Grapes have been cultivated for thousands of years and they are technically classified as botanical berries.
Red grapes not only make for a healthful snack on their own, but they also make a tasty addition to smoothies, salads and desserts.
Red Grapes Nutrition
The nutritional content for red grapes (and red seedless grapes) is what you’d expect from a sweet fruit.
Red grapes are relatively low in calories and are fat- and cholesterol-free. A 1-cup serving (151 grams) of red grapes has:
- 104 calories
- 0 g fat
- 27 g carbs
- 1.4 g fiber
- 23.4 g sugar
- 1 g protein
Some people wonder, do grapes have protein? With only 1 gram per cup, grapes are low in protein. The calories in grapes mostly come from sugar (a type of carb).
Minerals and Vitamins in Grapes
One cup of red grapes also offers:
- Vitamin C: 5% of the Daily Value (DV)
- Vitamin K: 18% DV
- Thiamine: 9% DV
- Riboflavin: 8% DV
- Vitamin B6: 8% DV
- Potassium: 6% DV
- Magnesium: 3% DV
Health Benefits of Grapes
We can attribute the health benefits of eating grapes to their vitamin and mineral content.
Seedless or not, red grapes are a source of vitamin C: One serving contains 4.8 milligrams of vitamin C, which is about 5 percent DV, based on a 2,000-calorie diet.

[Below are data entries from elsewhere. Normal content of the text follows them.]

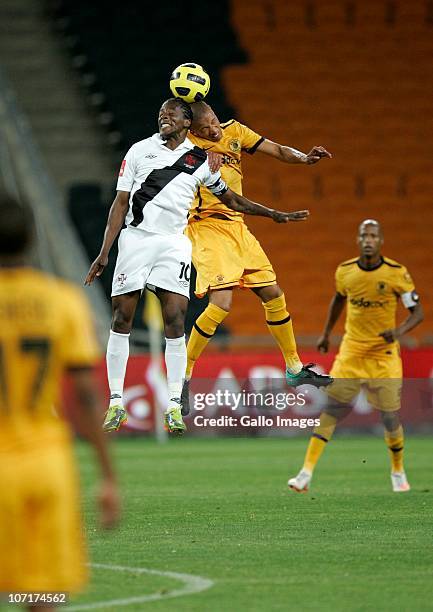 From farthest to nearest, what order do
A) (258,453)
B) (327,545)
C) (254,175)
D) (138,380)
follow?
1. (254,175)
2. (138,380)
3. (258,453)
4. (327,545)

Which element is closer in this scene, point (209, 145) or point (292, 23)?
point (209, 145)

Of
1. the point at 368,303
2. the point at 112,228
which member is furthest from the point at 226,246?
the point at 368,303

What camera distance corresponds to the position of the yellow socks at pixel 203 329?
11172mm

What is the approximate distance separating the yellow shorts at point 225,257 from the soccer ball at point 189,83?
132 centimetres

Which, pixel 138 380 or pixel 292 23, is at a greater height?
pixel 292 23

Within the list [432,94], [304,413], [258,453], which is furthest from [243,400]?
[432,94]

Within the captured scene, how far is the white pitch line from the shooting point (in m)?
6.66

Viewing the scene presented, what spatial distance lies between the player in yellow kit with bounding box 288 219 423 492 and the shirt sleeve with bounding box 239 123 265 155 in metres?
2.84

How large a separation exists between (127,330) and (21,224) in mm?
5978

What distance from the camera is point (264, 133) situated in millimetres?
25750

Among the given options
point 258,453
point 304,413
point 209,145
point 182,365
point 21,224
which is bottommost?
point 258,453

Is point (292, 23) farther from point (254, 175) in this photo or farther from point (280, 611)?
point (280, 611)

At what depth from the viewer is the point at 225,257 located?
11.1 metres

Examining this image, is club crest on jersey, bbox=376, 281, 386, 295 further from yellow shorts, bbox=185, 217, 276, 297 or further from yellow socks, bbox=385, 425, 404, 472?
yellow shorts, bbox=185, 217, 276, 297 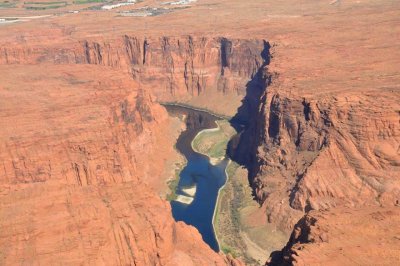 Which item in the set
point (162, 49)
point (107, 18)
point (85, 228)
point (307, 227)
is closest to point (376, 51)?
point (162, 49)

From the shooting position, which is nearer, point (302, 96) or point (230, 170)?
point (302, 96)

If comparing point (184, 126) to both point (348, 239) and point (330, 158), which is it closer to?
point (330, 158)

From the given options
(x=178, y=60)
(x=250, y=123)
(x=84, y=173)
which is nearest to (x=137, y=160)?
(x=84, y=173)

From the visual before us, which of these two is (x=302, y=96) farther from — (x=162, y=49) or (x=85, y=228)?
(x=162, y=49)

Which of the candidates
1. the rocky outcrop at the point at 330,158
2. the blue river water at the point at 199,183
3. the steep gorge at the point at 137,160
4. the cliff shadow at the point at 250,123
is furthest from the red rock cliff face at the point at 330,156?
Result: the blue river water at the point at 199,183

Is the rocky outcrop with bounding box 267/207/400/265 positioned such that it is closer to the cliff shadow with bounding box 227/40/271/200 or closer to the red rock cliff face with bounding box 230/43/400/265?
the red rock cliff face with bounding box 230/43/400/265

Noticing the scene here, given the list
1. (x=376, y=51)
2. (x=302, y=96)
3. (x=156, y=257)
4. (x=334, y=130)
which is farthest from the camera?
(x=376, y=51)

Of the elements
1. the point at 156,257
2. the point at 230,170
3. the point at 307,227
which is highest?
the point at 307,227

Grapes are high in vitamin K, a fat-soluble vitamin that is stored in your body’s fat tissues and liver. Your body needs adequate vitamin K to build strong bones and to synthesize several of the proteins required for blood coagulation. If your diet lacks foods rich in vitamin K, you may be more likely to develop osteoporosis or bleed too much when injured, according to the National Institutes of Health (NIH).
Although vitamin K deficiency is rare, people taking antibiotics may experience a mild deficiency, which can lead to excessive bleeding. Each 1-cup serving of red grapes contains 18 percent of the DV.
Other vitamins in grapes include B vitamins such as vitamin B6, riboflavin and thiamine. Your body needs B vitamins to make energy from the food you eat and form red blood cells, according to the U.S. National Library of Medicine.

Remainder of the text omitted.